WORK REQUIRED
In the copy, keep every line below as it is and leave out the pictures.

-- DATA SHOWN follows --

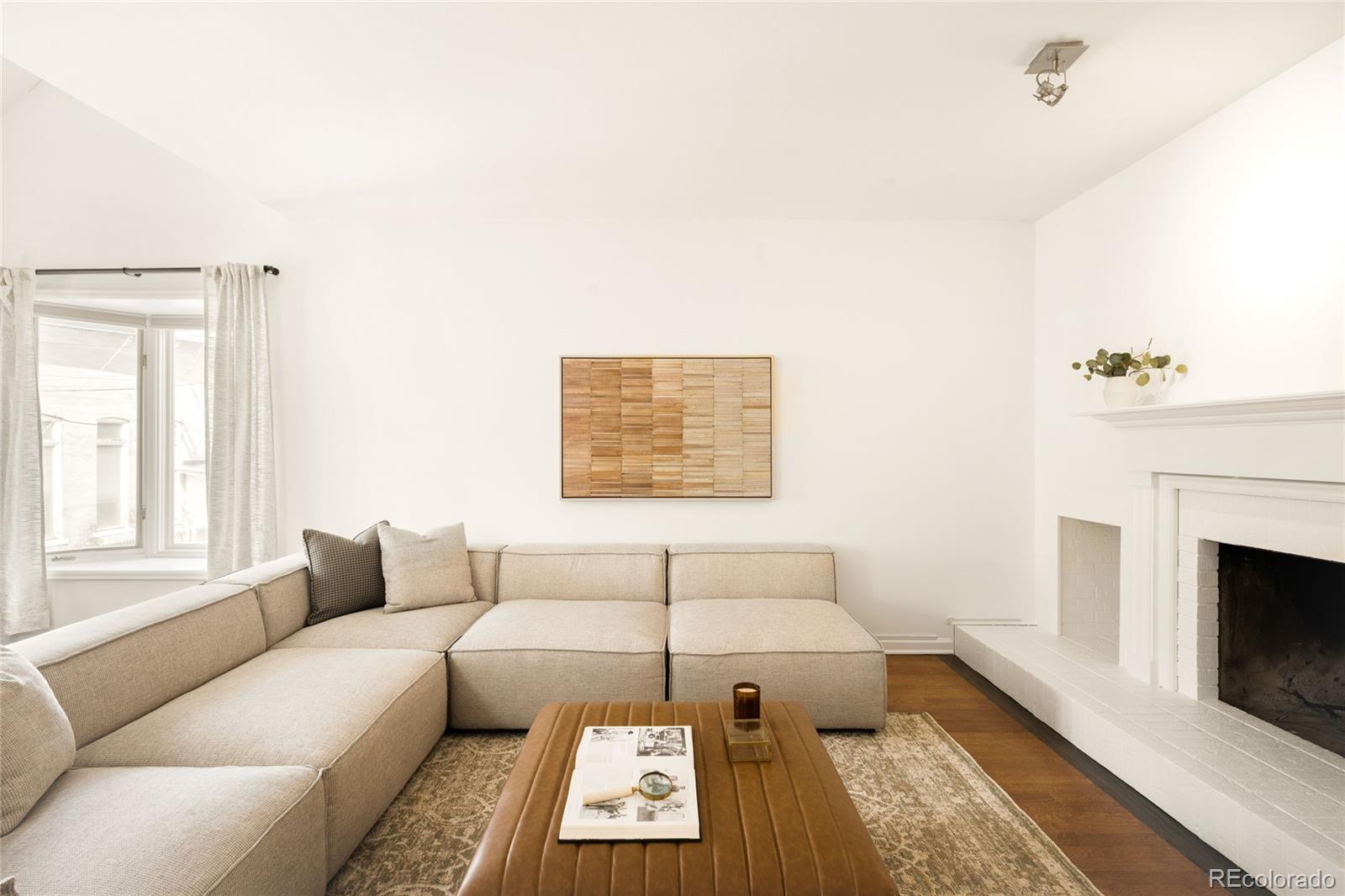 999 N Emerson Street Unit: 11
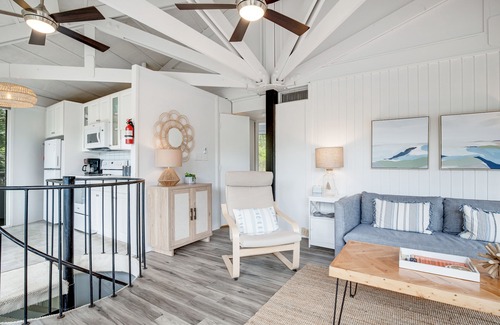 Seabrook Island Cottage | Lakefront home with lagoon view, deck & AC - close to beach, golf, & pools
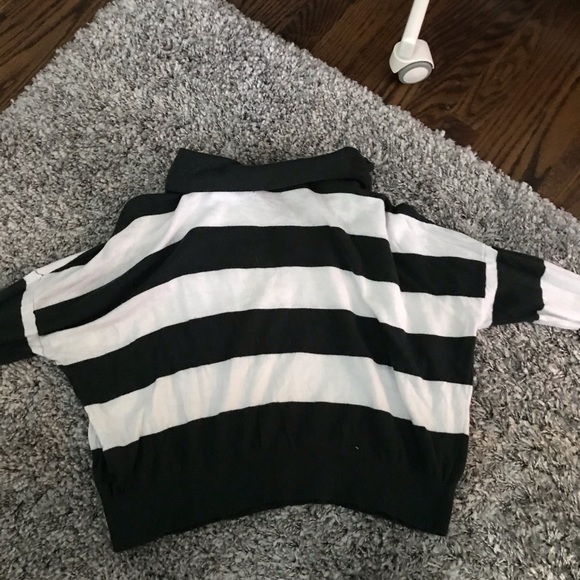 Cropped sweater - Picture 2 of 2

-- DATA SHOWN concluded --

ANSWER TO THIS TASK
 999 N Emerson Street Unit: 11
 Seabrook Island Cottage | Lakefront home with lagoon view, deck & AC - close to beach, golf, & pools
 Cropped sweater - Picture 2 of 2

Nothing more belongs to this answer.